MASAYA, Nicaragua (Reuters) - Violent clashes in Nicaragua flared on Friday night at a church in the capital where several people were seriously injured, following months of unrest pitting pro-government forces against protesters that has claimed some 300 lives.
The clashes between forces that support President Daniel Ortega and demonstrators calling for his resignation mark the deadliest protests in Nicaragua since its civil war ended in 1990.
At the Divine Mercy Catholic Church in Managua, at least three people were injured, according to a post on Twitter by Paulo Abrao, an official with the Inter-American Commission on Human Rights.
One of the injured has been shot through the leg, a Washington Post reporter at the church posted on Twitter, and along with others was allowed out by police and met by waiting ambulances.

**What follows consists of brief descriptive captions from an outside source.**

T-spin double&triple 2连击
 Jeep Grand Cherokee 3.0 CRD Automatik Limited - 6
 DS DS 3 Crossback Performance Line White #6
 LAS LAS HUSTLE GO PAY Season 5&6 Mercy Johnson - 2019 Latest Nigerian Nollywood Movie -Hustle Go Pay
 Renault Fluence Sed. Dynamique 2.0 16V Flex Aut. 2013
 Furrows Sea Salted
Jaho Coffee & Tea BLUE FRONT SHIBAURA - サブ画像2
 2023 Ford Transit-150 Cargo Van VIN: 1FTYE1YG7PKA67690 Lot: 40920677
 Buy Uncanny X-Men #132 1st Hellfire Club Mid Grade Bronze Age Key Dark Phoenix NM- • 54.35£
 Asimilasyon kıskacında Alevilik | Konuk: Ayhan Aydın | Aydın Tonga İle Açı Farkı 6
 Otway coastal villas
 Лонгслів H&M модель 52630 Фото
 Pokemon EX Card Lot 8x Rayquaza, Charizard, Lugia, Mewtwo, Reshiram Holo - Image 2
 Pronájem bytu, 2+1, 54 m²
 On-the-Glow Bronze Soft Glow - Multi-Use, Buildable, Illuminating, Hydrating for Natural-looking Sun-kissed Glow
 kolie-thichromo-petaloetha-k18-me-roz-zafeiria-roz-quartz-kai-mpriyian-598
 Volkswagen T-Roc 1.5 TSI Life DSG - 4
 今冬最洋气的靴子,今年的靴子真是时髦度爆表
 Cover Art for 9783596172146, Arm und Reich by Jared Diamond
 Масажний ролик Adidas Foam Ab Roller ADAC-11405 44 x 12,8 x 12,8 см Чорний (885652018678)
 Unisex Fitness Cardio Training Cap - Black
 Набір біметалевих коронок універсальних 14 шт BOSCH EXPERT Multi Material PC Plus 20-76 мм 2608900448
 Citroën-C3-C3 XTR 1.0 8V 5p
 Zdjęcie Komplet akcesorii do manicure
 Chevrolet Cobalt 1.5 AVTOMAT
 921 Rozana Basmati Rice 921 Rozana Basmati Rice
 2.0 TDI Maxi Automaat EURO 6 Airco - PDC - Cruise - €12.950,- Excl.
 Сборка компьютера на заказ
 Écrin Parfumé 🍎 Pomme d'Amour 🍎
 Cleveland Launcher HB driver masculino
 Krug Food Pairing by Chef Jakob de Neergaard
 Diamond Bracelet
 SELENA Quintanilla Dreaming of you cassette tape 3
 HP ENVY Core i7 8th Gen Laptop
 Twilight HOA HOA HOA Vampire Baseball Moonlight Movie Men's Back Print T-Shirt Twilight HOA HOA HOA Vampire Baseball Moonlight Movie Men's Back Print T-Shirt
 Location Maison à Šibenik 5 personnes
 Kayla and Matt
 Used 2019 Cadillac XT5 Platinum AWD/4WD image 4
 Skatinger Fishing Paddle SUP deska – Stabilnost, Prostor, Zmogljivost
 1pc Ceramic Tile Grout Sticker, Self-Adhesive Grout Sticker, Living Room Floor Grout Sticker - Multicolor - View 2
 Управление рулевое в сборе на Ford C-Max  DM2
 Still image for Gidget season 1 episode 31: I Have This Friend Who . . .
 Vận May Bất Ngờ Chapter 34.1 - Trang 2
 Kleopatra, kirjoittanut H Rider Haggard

It was unclear how many people remained trapped in the church where earlier in the evening gun shots prevented those inside from leaving.
At the National Autonomous University of Nicaragua, also in the capital, some students barricaded themselves on the campus earlier in the day as paramilitary groups that support Ortega shot at the building from outside, according to media reports.
It was not clear how many people had been injured at the university.
Nicaragua has been convulsed by unrest since April when its leftist president proposed reducing pension benefits to cover a social security shortfall. The plan, later dropped, provoked deadly demonstrations and led to demands for Ortega’s resignation and early elections.
A nation-wide strike emptied streets on Friday as businesses shut their doors, heeding the call of civil society groups that have demanded Ortega’s resignation after more than three months of bloody civil unrest.
The general strike followed mass protests that fanned out across the Central American nation on Thursday.
Throughout the day on Friday, television showed deserted streets in Managua and much of the rest of the country while Ortega and his entourage attended a traditional march in the legendary revolutionary stronghold of Masaya, the city from which rebels launched an attack on dictator Anastasio Somoza in 1979.
In brief remarks, Ortega said he lamented the crisis and offered to hold talks with opponents of his government.
“I invite (protesters) to end the confrontation and that all of us unite to give people the peace that Nicaragua needs,” he said, flanked by supporters.
Ortega, a Cold War-era U.S. foe, is serving his third consecutive term which runs until 2021.
Representatives of civil society organizations have called for early elections to end the impasse, while Ortega’s top diplomat dismissed the possibility on Friday during a session of the Organization of American States in Washington.
“You can’t strengthen the country’s institutions, you can’t strengthen the country’s democracy by violating its constitution ... and impose the will of groups that seek a change of government,” said Foreign Minister Denis Moncada.